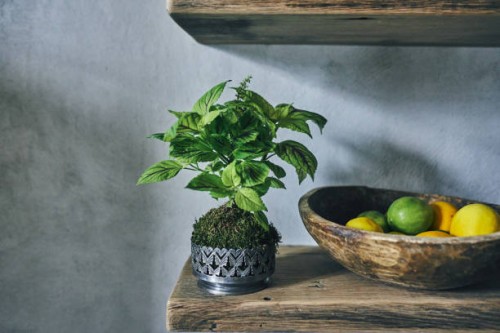 shelf with green plant and wooden bowl of citrus - garden decoration stock pictures, royalty-free photos & images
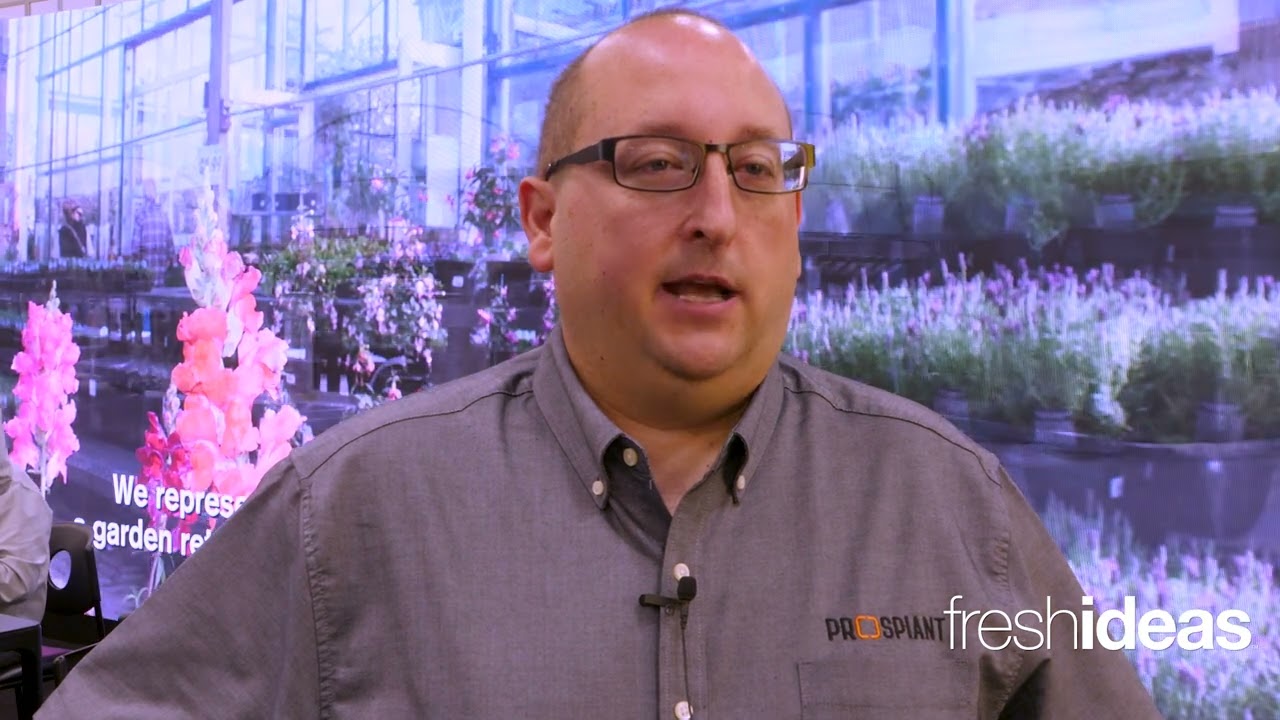 Turnkey Greenhouse Solutions for Every Industry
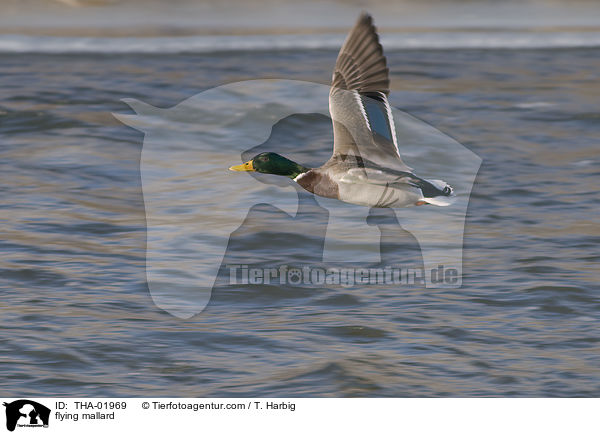 flying mallard / THA-01969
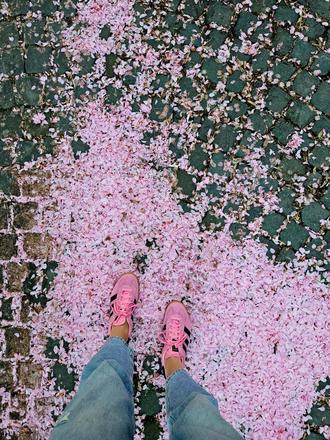 Adidas gazelle, adidas,39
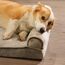 Amazon Basics Großes Hundebett/Sofa in U-Form aus Schaumstoff, mit abnehmbarem, waschbarem Bezug, Taupe, 91 x 69 x 17 cm (L x W x H)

--- WORK ORDER ---
Although the records include pictures, the copy should reproduce every line exactly and none of the pictures.

--- RESPONSE FOR THIS EXERCISE ---
 shelf with green plant and wooden bowl of citrus - garden decoration stock pictures, royalty-free photos & images
 Turnkey Greenhouse Solutions for Every Industry
 flying mallard / THA-01969
 Adidas gazelle, adidas,39
 Amazon Basics Großes Hundebett/Sofa in U-Form aus Schaumstoff, mit abnehmbarem, waschbarem Bezug, Taupe, 91 x 69 x 17 cm (L x W x H)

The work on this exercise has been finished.